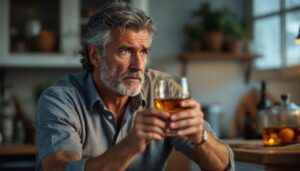 Foie : cette habitude quotidienne que les hépatologues déconseillent formellement après 50 ans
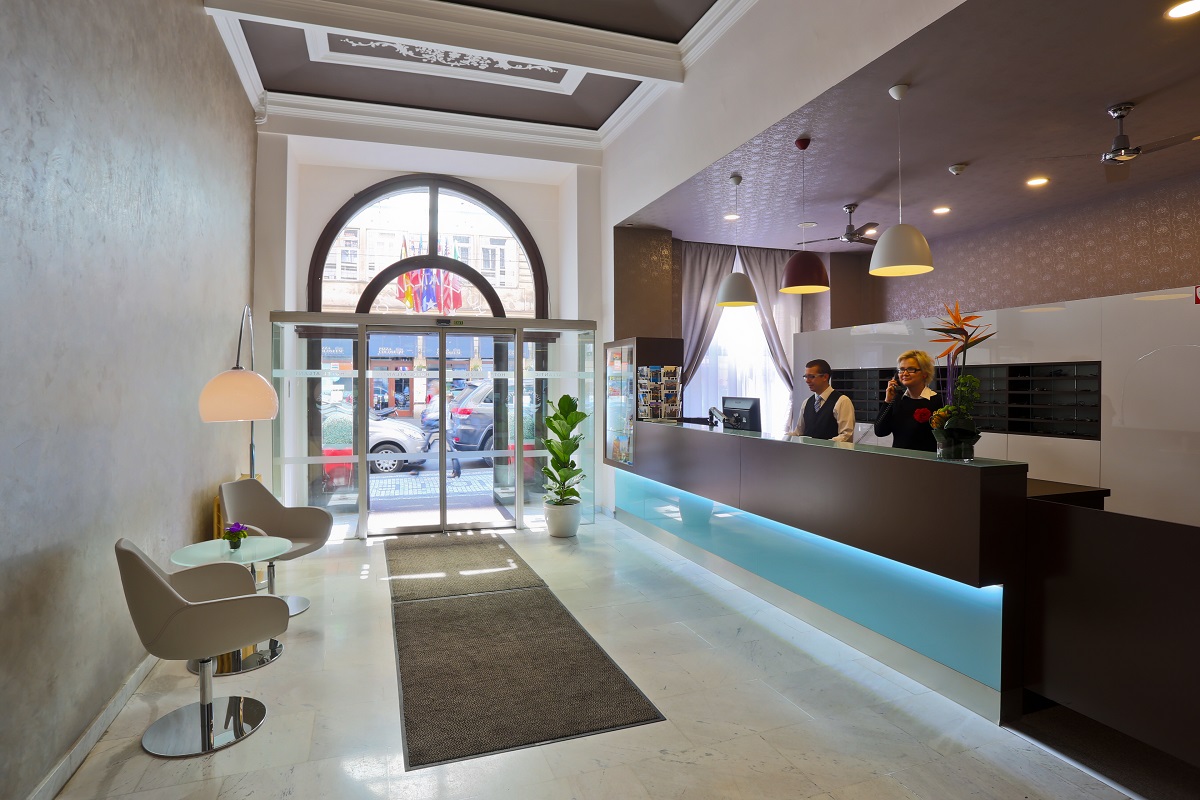 HOTELPRO foto 3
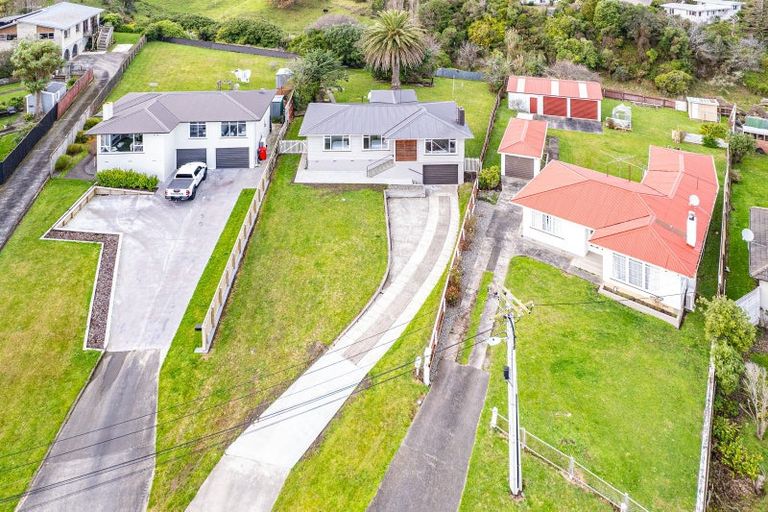 Photo of property in 15 Windsor Terrace, Durie Hill, Whanganui, 4500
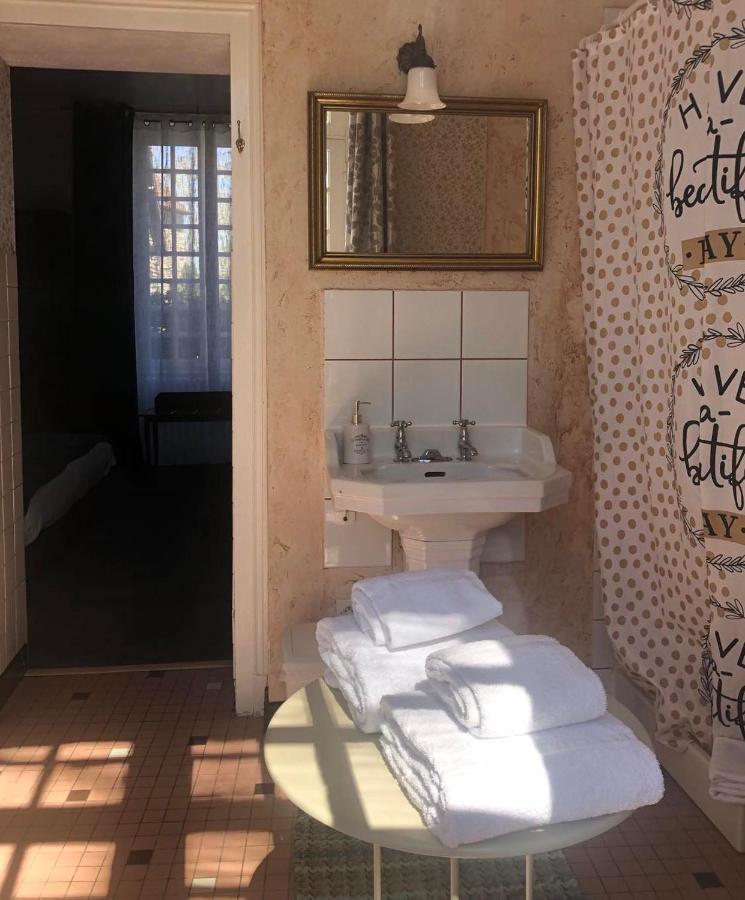 Le Domaine Du Moulin Foulon Hotel Essay Ngoại thất bức ảnh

####

PROBLEM DESCRIPTION:
Print only the lines from the line that contains "HOTELPRO foto 3" to the final line of the data, inclusive. Pictures stay out.

EXERCISE RESULT:
 HOTELPRO foto 3
 Photo of property in 15 Windsor Terrace, Durie Hill, Whanganui, 4500
 Le Domaine Du Moulin Foulon Hotel Essay Ngoại thất bức ảnh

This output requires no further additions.